Per Bruxelles si tratta quindi di una vera doccia fredda, arrivata dopo mesi di negoziati e frequenti telefonate fra Trump e von der Leyen. Solo pochi giorni fa, il tycoon sembrava aver cambiato tono con l’Ue, affermando come “stesse trattando bene gli Usa”. Eppure, la percentuale tariffaria minacciata è ben al di sopra di quella al 10% che ci si aspettava.

Lettere simili anche a Brasile, Giappone e Corea del Sud, stabilendo dal primo agosto dazi generalizzati che vanno dal 20% al 50%, oltre a una tariffa del 50% sul rame.

Il presidente brasiliano Luiz Inácio Lula da Silva ha già dichiarato che imporrà dazi del 50% agli Stati Uniti nel caso in cui il presidente Trump dia seguito al suo annuncio a partire dal primo di agosto, perché “il Brasile  è un Paese sovrano” e “lo strumento principale è la legge della reciprocità, approvata dal nostro Parlamento”.

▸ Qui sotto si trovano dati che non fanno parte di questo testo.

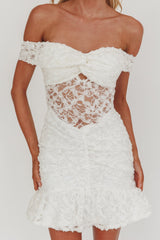 All The Lights Off-Shoulder Lace Mini Dress White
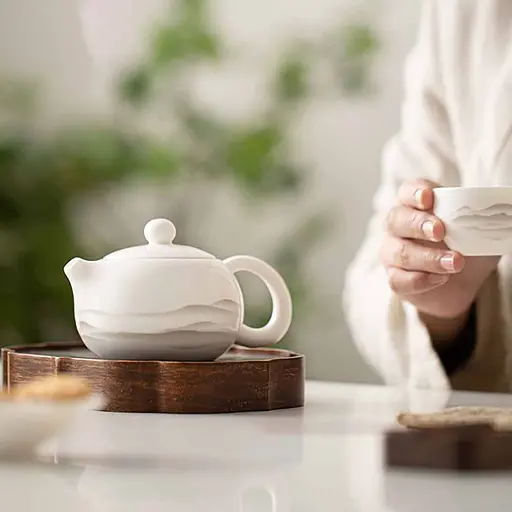 Чайник СиШи Белый Фарфор Далекие Горы, 210 мл - фото 11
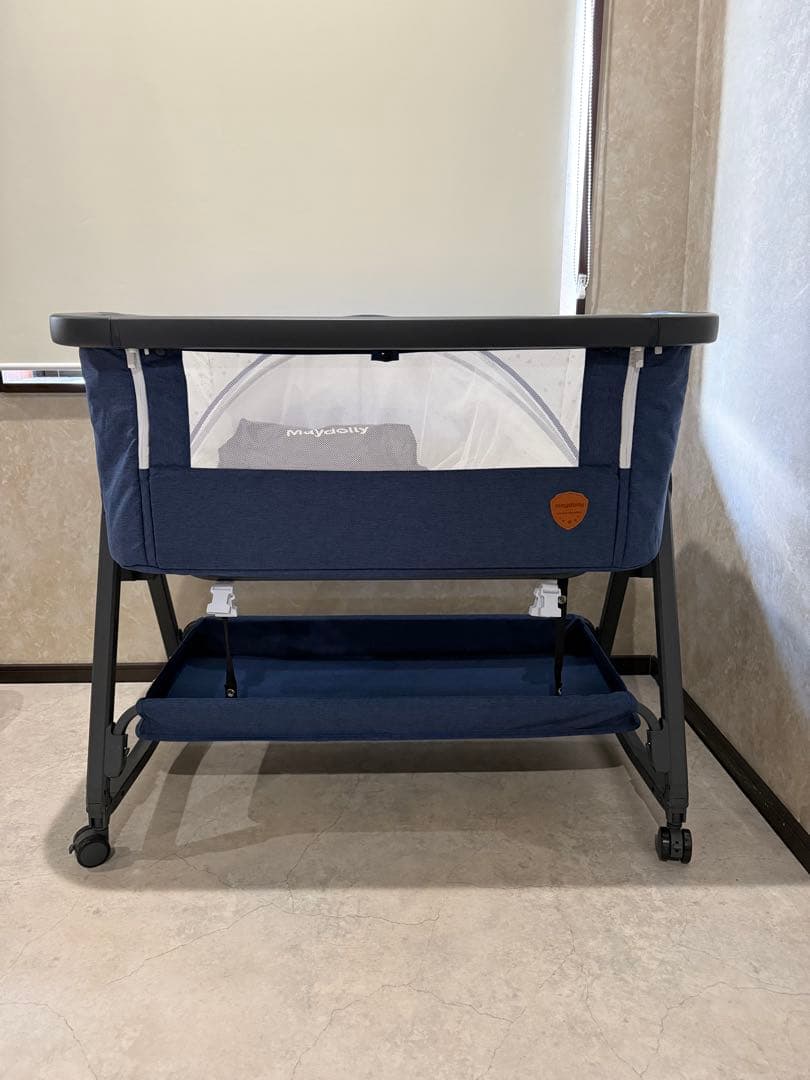 Maydolly 折りたたみ式ベビーベッド ネイビー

Intanto, Trump sembra aver cominciato a vedere i frutti dei primi mesi di dazi, almeno dal suo punto di vista. La riscossione delle tariffe doganali Usa è nuovamente aumentata a giugno, superando per la prima volta in un anno fiscale i 100 miliardi di dollari e contribuendo a generare un sorprendente surplus di bilancio di 27 miliardi di dollari per quel mese. I dazi doganali sono diventati la quarta maggiore fonte di entrate per il governo federale: nel giro di circa quattro mesi la loro quota è più che raddoppiata, passando dal 2% al 5% circa.

Restano da vedere, oltre alla reazione delle Borse, i temuti rincari sui consumi interni e gli effetti sull’inflazione: incognite che finora hanno spinto la Fed a non tagliare il costo del denaro, come invece avrebbe richiesto il presidente.